Впрочем, кое-что осталось и от прошлого: как были сто лет назад «бирюзовые и бриллиантовые глаза, золотые и серебряные волосы, коралловые губы, золотое солнце, серебряная луна, яхонтовое море, бирюзовое небо и т. д.»,[73] перечисленные Л. Н. Толстым в числе литературных штампов, так и сегодня существуют, украшая собой наисовременнейшие произведения.

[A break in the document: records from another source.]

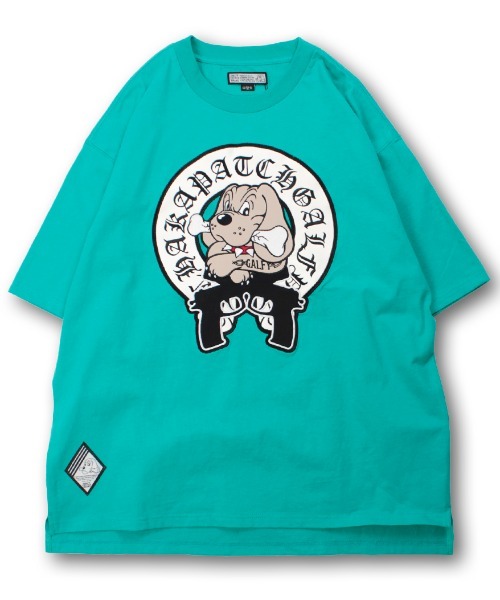 ちゃんみお様　GALFY ガルフィー　Tシャツ パッチ刺繍 ファイヤーパターン GALFY|GALFY 刺繍ロゴファイヤーパターンTEE|HARDOFFオフモール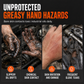 🧤 Heavy Duty Nitrile Gloves with Diamond Grip Texture – Thickened Disposable Gloves for Auto Repair, Grease & Oil Handling, Puncture Resistant ✨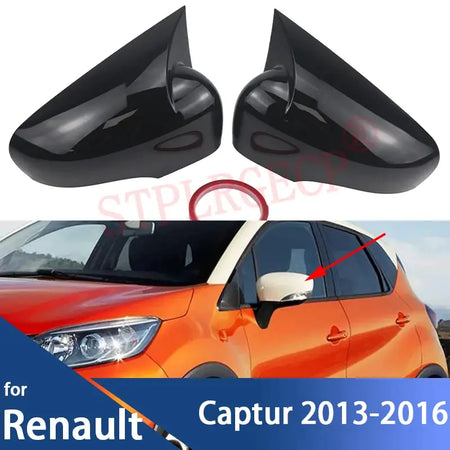 Rearview Side Wing Mirror Cover Cap Glossy Black Add-on M Style Shell for Renault Captur 2013 2014 2015 2016 B Platform by InterCyprus Trading Ltd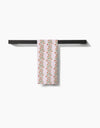 Floral Fall Stripe Bar Towel
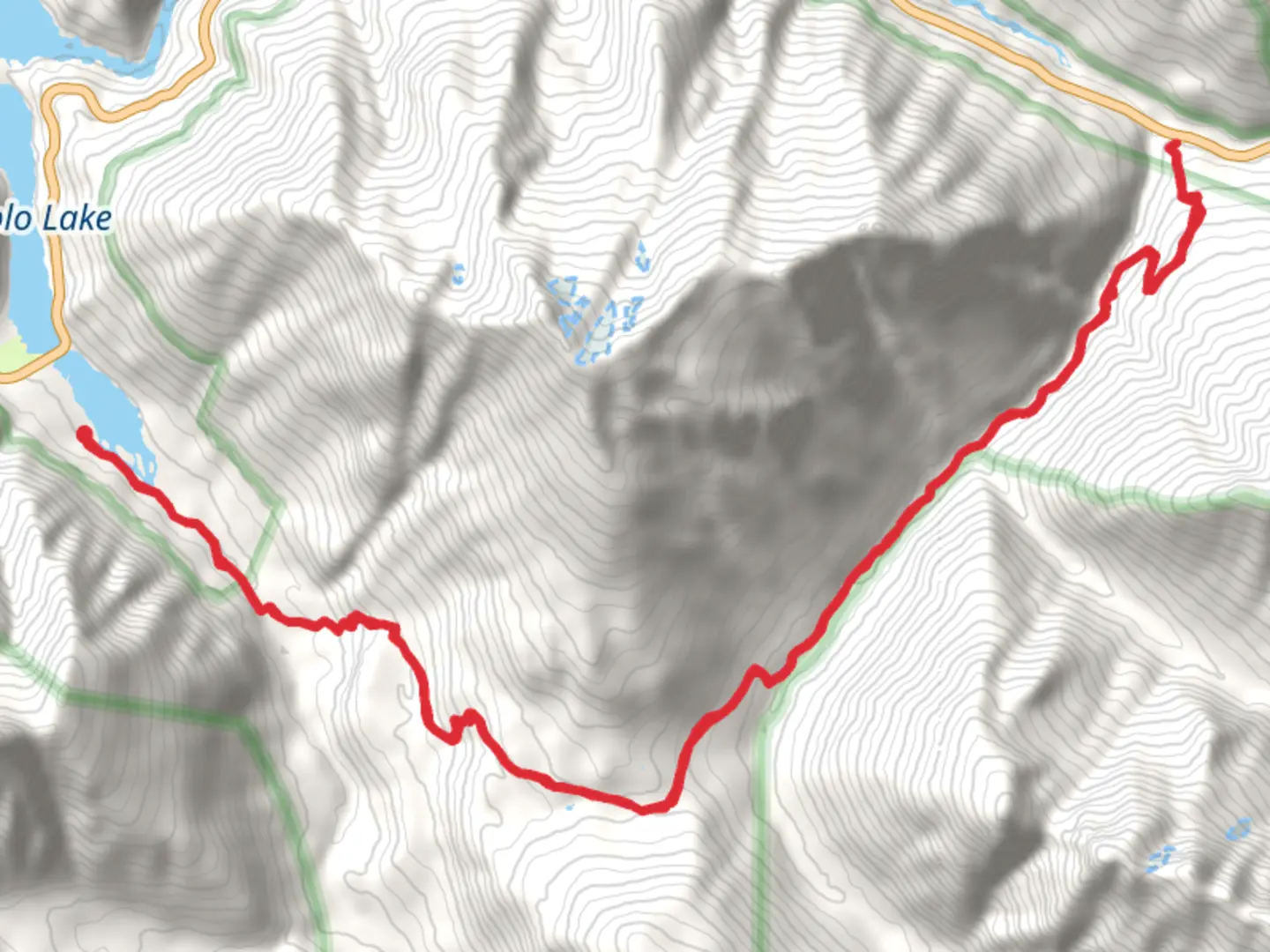 An image depicting the trail Panther Creek Trail and its surrounding area.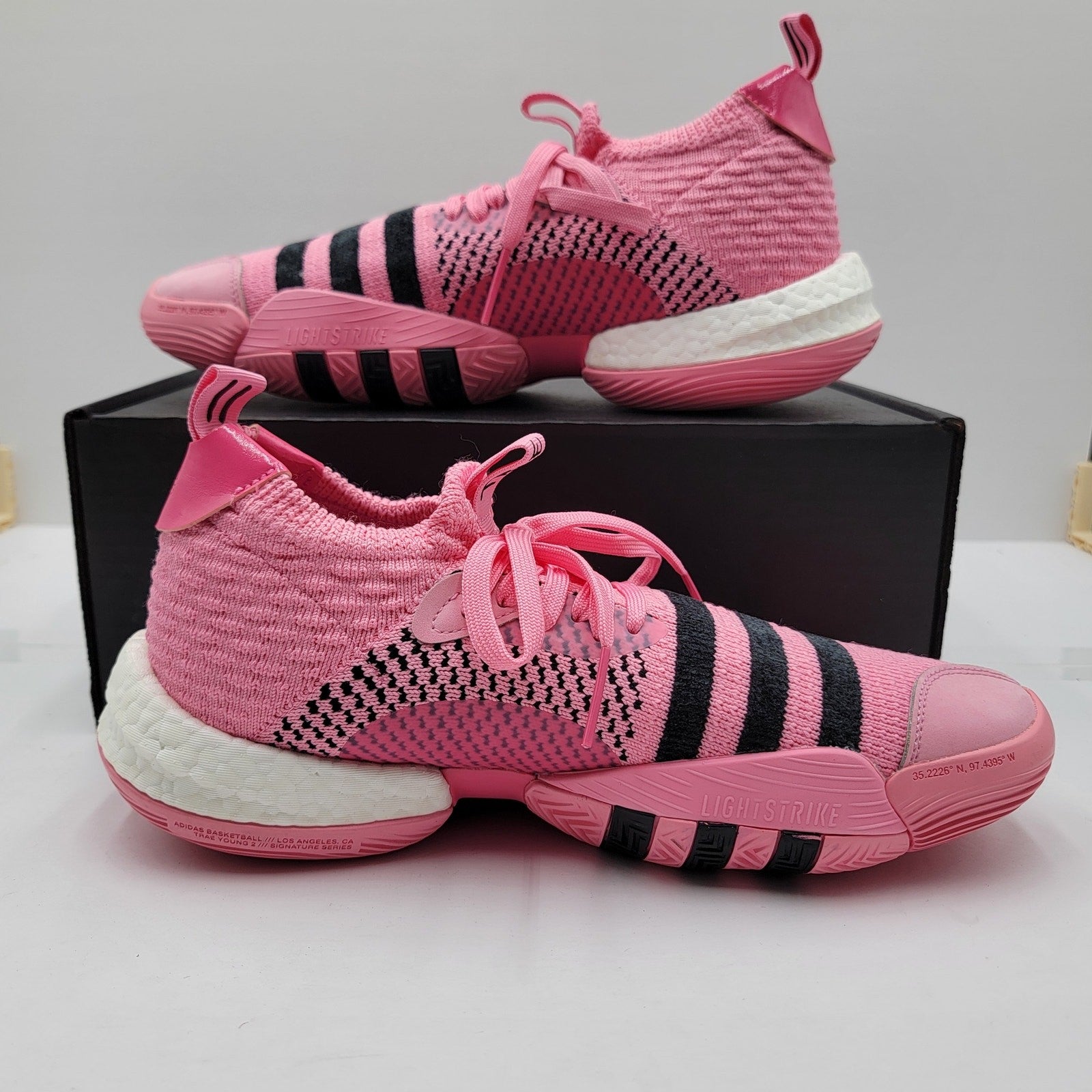Adidas Trae Young 2 'Pink Trap House' Mens Sz 9.5 IE1667 (239)1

В чем же дело? Каков механизм рождения штампа? А. Серафимович сказал, что все это заезжено, «избито это и тысячу раз повторялось».[74] Но, прошу меня простить, как же не повторяться? Если море — синее, его ведь не назовешь оранжевым, и если луна серебряная, она была такой тысячу лет назад и будет столько же, если не больше! Между тем получается, что все написавшие «море синее» — штамповщики? Сомневаюсь. Потому что повторяемость — всего лишь внешний признак штампа. А должен быть какой-то внутренний! Штамп не эстафетная палочка, передаваемая от одного журналиста другому. И не обручальное кольцо, которое бережно хранится в литературной семье, как дорогая реликвия. Другое дело, если бы штампы рождались сознательно, если бы имелся каталог наиболее употребляемых литературными бабушками и дедушками понятий, эпитетов, образов и сравнений, а внуки терпеливо переписывали бы их в свои нетленные творения! — и то я сказал бы, что истинные ценности хранить не грешно, а эстафетную палочку передавать в иных случаях даже полезно.

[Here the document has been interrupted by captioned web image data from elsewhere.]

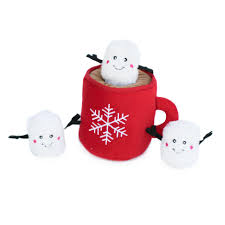 ZippyPaws Holiday Zippy Burrow Hot Cocoa Plush Dog Toy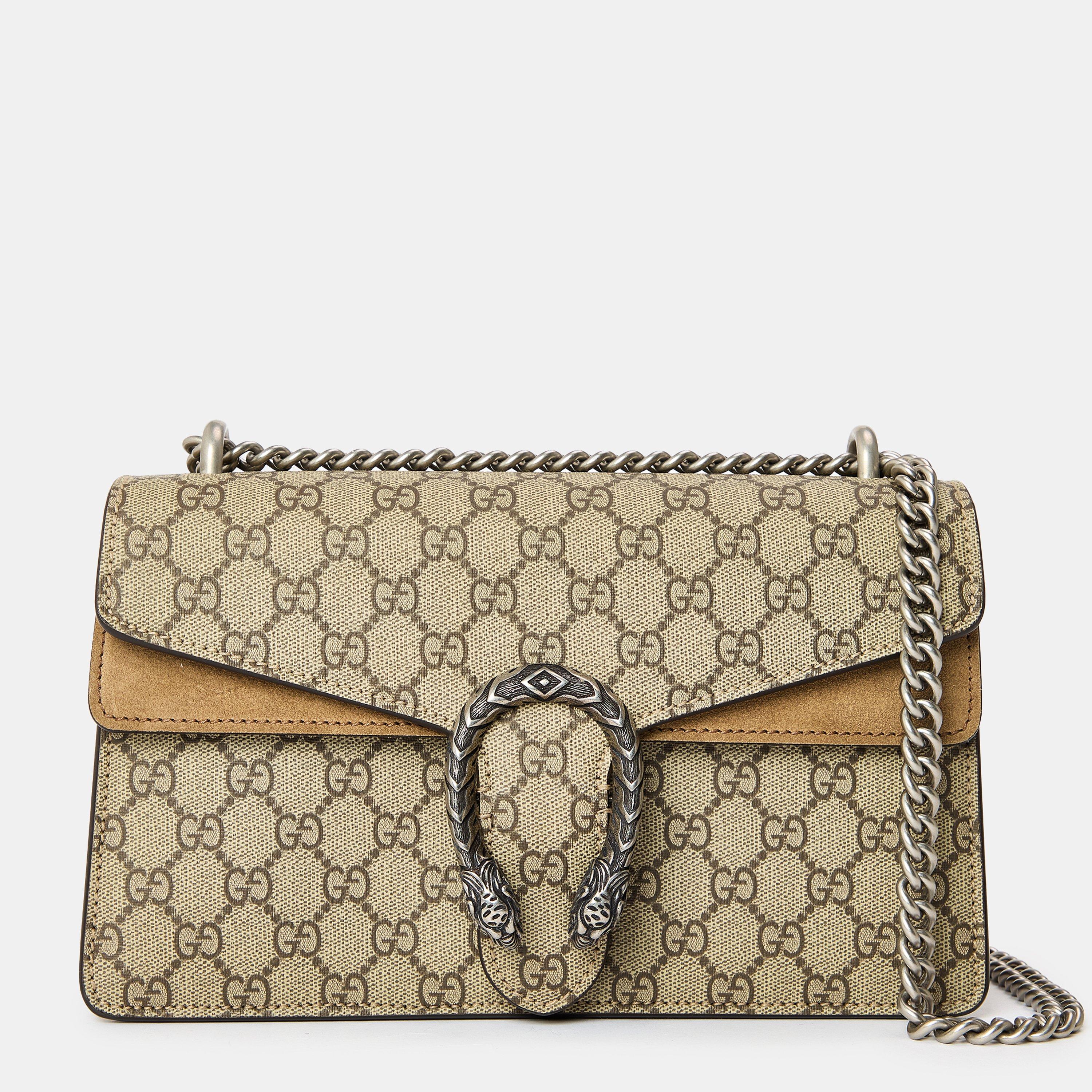 Gucci Dionysus Small Shoulder Bag - Taupe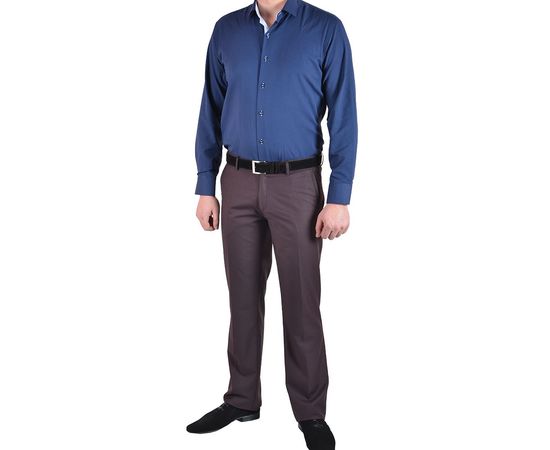 Рубашка VELS 7026/14 кл, Размер: S, Цвет: т.син текст. клетка, фото 4 | Интернет-магазин Vels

Беда, мне кажется, в другом.
Штамп — это прежде всего стереотип мышления, свойство, присущее людям малоспособным, малокультурным, малознающим и малограмотным, спасительное средство, по крайней мере, для тех, кто не желает или не умеет думать, кто берет готовое. «Домашняя птица? — Курица! Фрукт? — Яблоко! Великий поэт? Пушкин! Море? — Синее! Луна? — Серебряная!» Все правильно, но все готово. Замечено с первого взгляда, вычитано, отпечатано в голове с чужой матрицы. А потому сказано или нанесено на бумагу без размышлений, с оставлением серого вещества «при своих». То, что луна не только серебряная, но и молодая, увидят не все, а то, что ее «без спутника и выпускать рискованно», увидел один В. Маяков-ский. (Знакомый врач, человек талантливый, поглядев на ущербную луну, сказал: «Какая-то артрозная!») И Днепр, конечно, чуден при тихой погоде. Допускаю, кто-то отметит это обстоятельство, но вот то, что «не зашелохнет, не прошумит», оказалось по силам только Н. Гоголю. Стало быть, повторяемость, я думаю, не главный критерий штампа, это всего лишь следствие, причиной которого является стереотип мышления, точнее сказать, бездумность и бесчувственность.

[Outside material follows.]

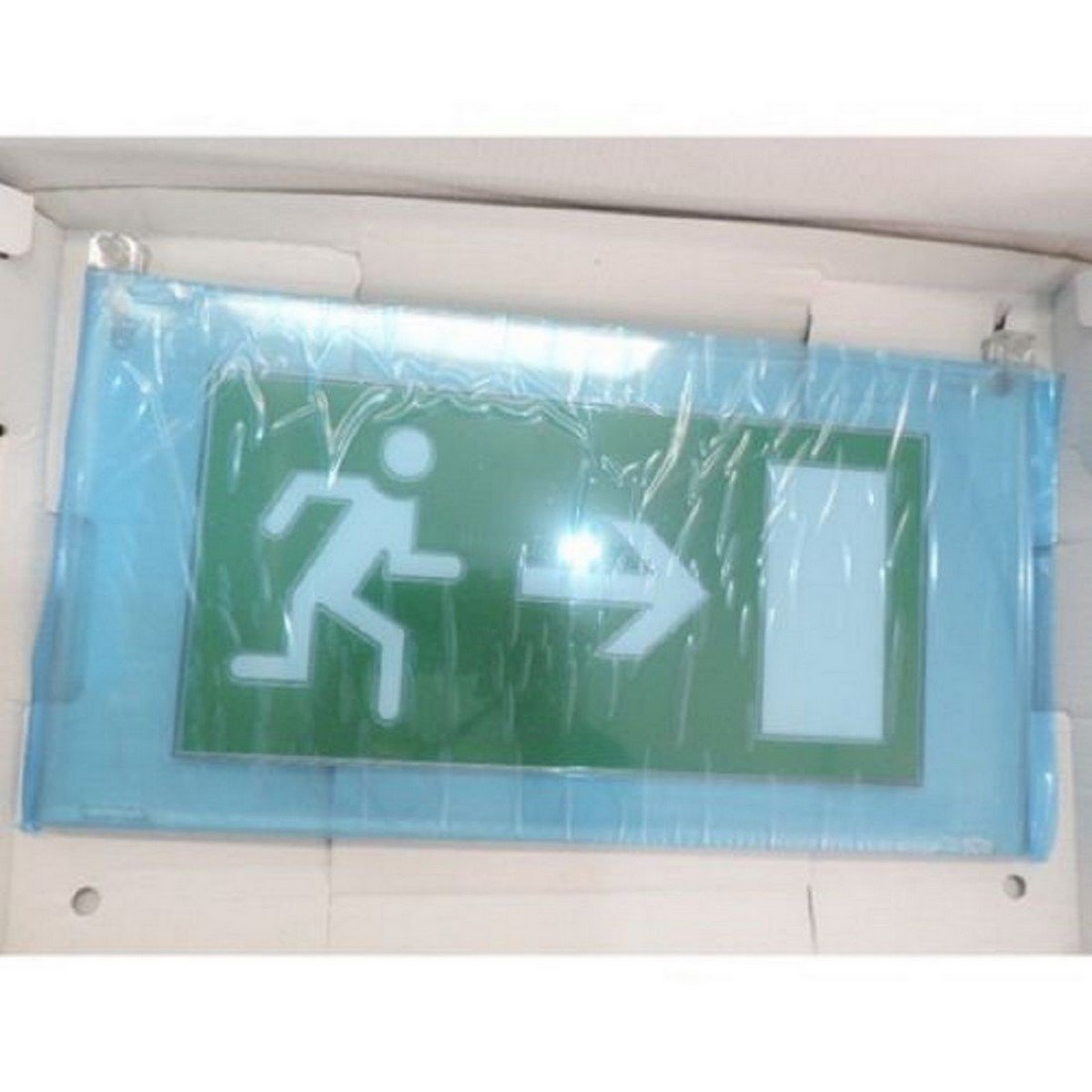Legrand Beauty 060770 – Placa señalización Plexi Baes Arcor salida flecha Horizontal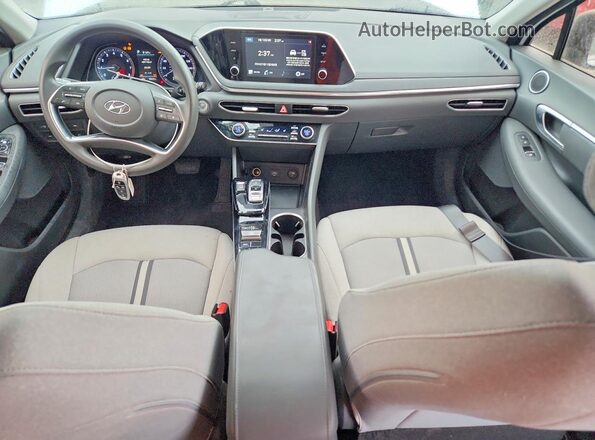 5NPEL4JA6MH083552 2021 HYUNDAI SONATA White Dashboard view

Кроме того, штамп — это неспособность к фантазии. М. Горький писал: «Воображение (кроме наблюдения, изучения, сравнения) — один из наиболее существенных приемов литературной техники, создающей образ. Работа литератора, вероятно, труднее работы узкого специалиста, например зоолога. Работник науки, изучая барана, не имеет необходимости воображать себя самого бараном, но литератор, будучи щедрым, обязан вообразить себя скупым, будучи бескорыстным корыстолюбивым стяжателем…»[75] М. Горький, безусловно, прав: то, что мы создаем без перевоплощения, оказывается далеким от действительности, формально-умозрительным, лишенным внутреннего динамизма, нарочито вычурным и не «живым».